I’m going to let you in on a secret of mine, everyone-on-the-internet; something that I have only recently learned about myself. That secret is the very reason that I train.
I want to be awesome.
It’s that simple. I want to be really good at something, and thereby achieve the coolness and wow factor that comes with that.
The human mind is remarkable in its ability to express a quality through our actions while simultaneously being completely ignorant of it. For years I tossed around any number of goals and apparent motivations for training. I wanted to be a great martial artist, I wanted a better physique, I wanted to be strong, fast, and agile. All fragments of the greater goal that has stood as my training dogma for my entire active life.
If I may play armchair psychologist for a moment, I think my deep desire for awesomeness stems from years of struggling with various skills (piano, martial arts, etc) and always feeling like I had never even reached mediocrity. (I once walked off-stage in the middle of a failed piano performance at a Christmas concert. Youch!) Mostly this was because I had zero practice skills when I was younger, despite the repeated attempts of my dear grandmother and piano teacher to drill some wisdom into my brick-like brain.
I have also realized that the praise of others has rarely made me feel any more accomplished. In the end, I always have to answer to my own self-expectations. In fact, while part of me loves to show off, any ensuing praise leaves me feeling self-conscious and embarrassed. Maybe this is because I never feel like I’ve quite earned that praise, like whatever I did wasn’t that impressive (it usually isn’t, I’m sure). It’s worst when I’m given loud, enthusiastic praise for something I consider truly elementary or basic.
On the other hand, when it is a client, student, or training partner who is celebrating some meager action of mine, that embarrassment is laced with excitement. I feel like I’m looking into a pool, examining the wonders deep down. The person praising me is delighting at the light on the surface, and all I can think is “wait until you see what’s below that, because it goes so much deeper”.
Oddly enough (and blessedly), my harsh scrutiny of accomplishments does not extend to others. It’s almost the opposite, really. When I witness even the tiniest light bulb appear over someone’s head in training, I feel like organizing a parade! That is, after all, the joy of being a teacher. I have the privilege of leading others around the obstacles I have overcome, to guide them down a more efficient route to realization; and when they arrive at each destination it is a great cause for celebration.
That’s not to say that I don’t celebrate my own accomplishments. Every new milestone I reach is one step forward towards that ever-elusive mastery that I so desire. The critical detail is that I’m never satisfied with what I’ve accomplished.
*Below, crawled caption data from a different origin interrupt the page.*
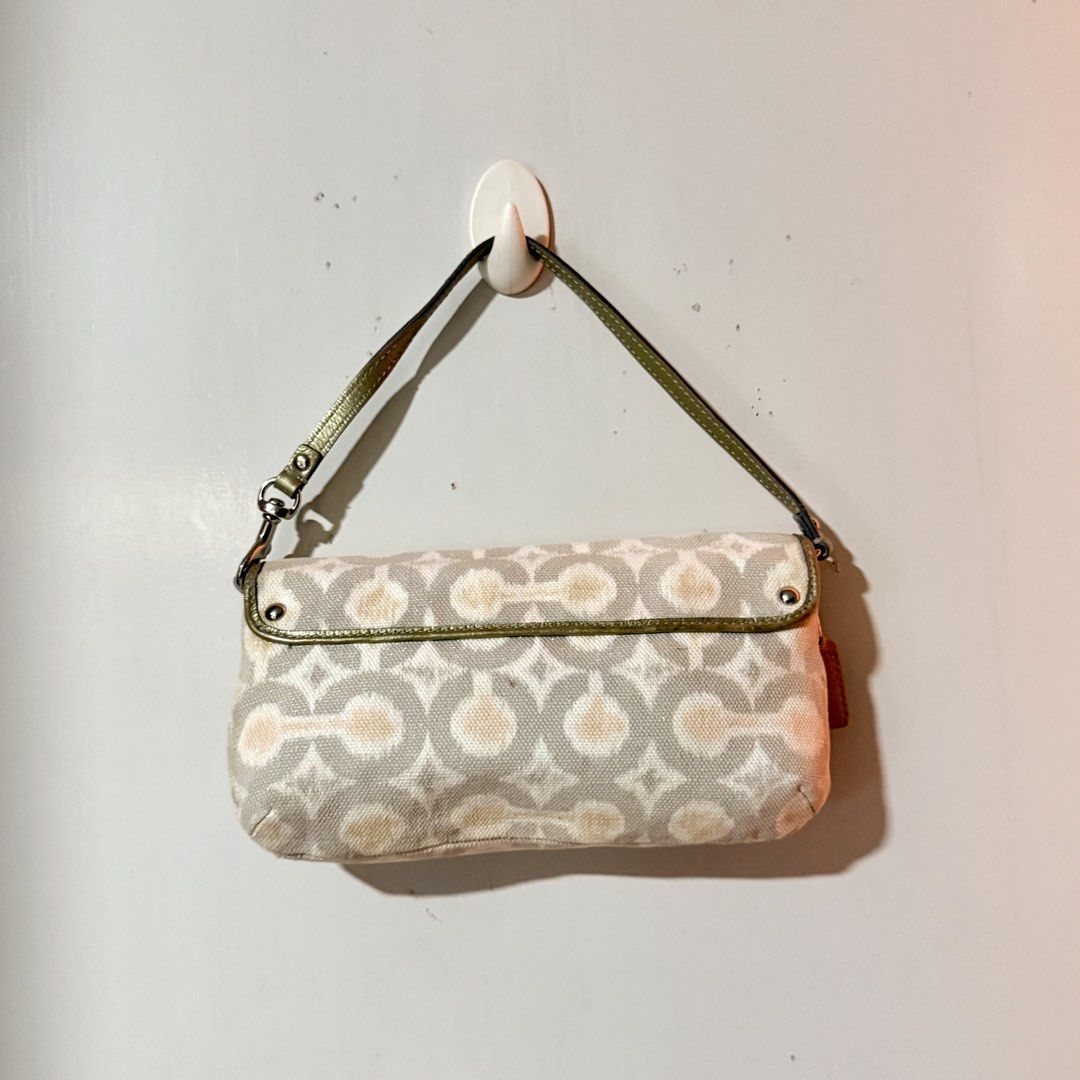 Coach Op Art Signature Bag (Category: Luxury Bags & Wallets) located in Cavite. Submitted by vintage.bratz (Listing ID 1470533412, Image 3). Description: • Authentic Coach • Unique and eye-catching design • No issues, ready to use • Well-maintained and in good condition • Perfect for everyday use or vintage bag lovers.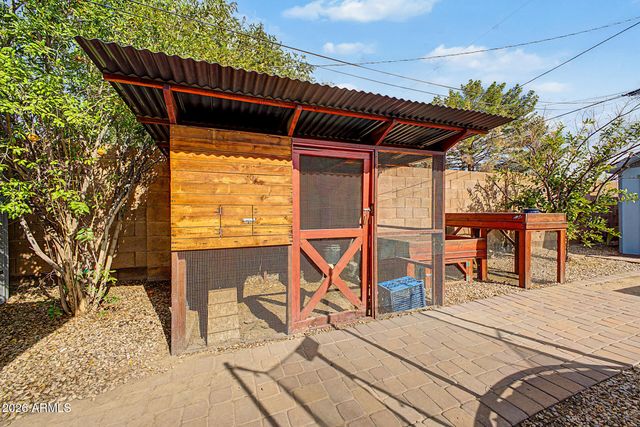 813 E GLENDALE Avenue, Phoenix, AZ 85020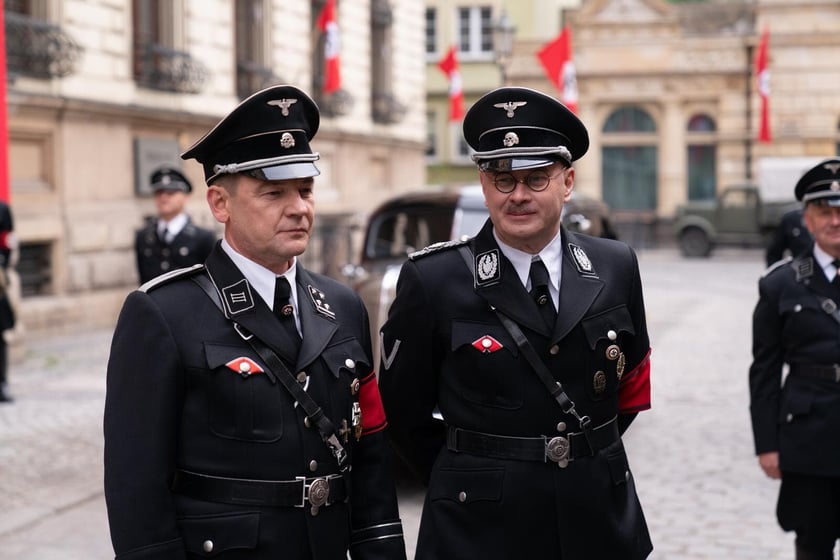 Serial &bdquo;Breslau&rdquo; kręcono we Wrocławiu &ndash; bohaterowie na ul. Szajnochy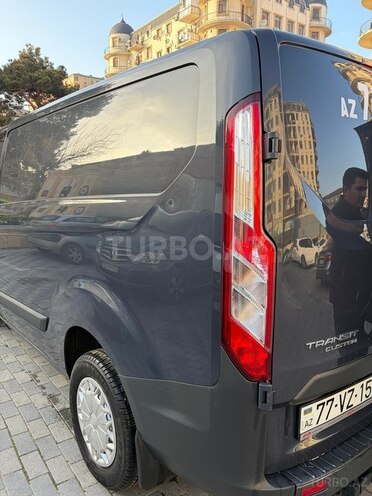 Ford Transit Custom-8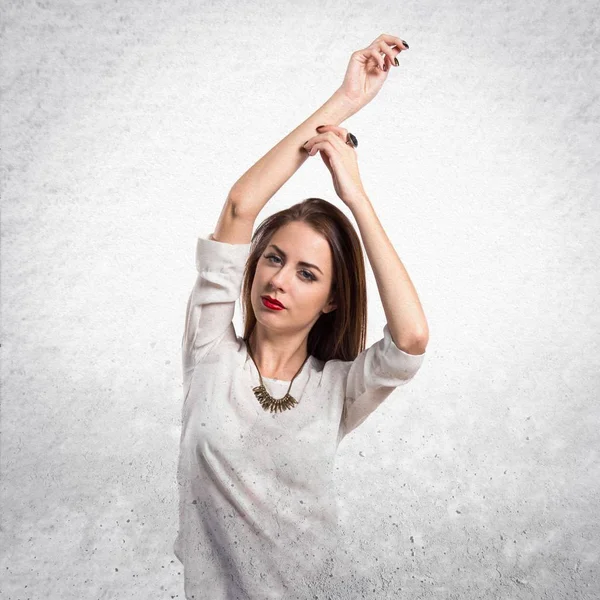 Jovem bonita modelo mulher posando em estúdio em texturizado cinza backg — Fotografia de Stock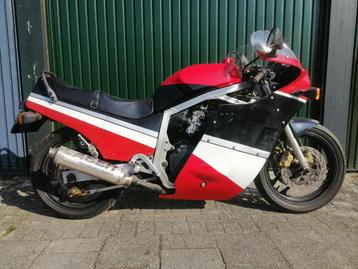 Suzuki GSX-R750 1985 Slabby GSXR GR75A project  beschikbaar voor biedingen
I’m always happy with progress, and it grants me some solid fulfillment, but the moment I grow satisfied is the moment I become stagnant and lose the driving force behind my training.
There is an obvious issue with my mindset, however, and that is the mortality of our species. (Valar morghulis, and all that.)
I expect this is the evolution many young athlete-slash-coaches face, as they slowly realize that, for whatever reason, they will ultimately fail to live up to their ever-inflating notion of how great they want to be. Youth is fleeting, and, as time trickles on, first physical prowess and then skill will inevitably decay. The only solace (and cruel irony) is that wisdom can continue to be accrued. The coach can then leverage their great experience to lift the next generation of athletes up higher, and it is through this that we must find satisfaction.
The ultimate reality which I must face on my quest for unlimited awesomeness is that I will need to learn, eventually, to let go of that very goal. On one hand, it is for the aforementioned reason: I will get old (and I’m already running through my strongest physical years rather quickly) and lose my potential to explore high levels of performance and advanced movement skills (you don’t see many eighty-somethings cleaning twice their body weight and doing back handsprings). On the other hand, the very definition of the awesomeness that I yearn to achieve is modest, free from the crippling effects of a dominant ego, so even if I am to reach my lofty goal someday I will have to relinquish it altogether.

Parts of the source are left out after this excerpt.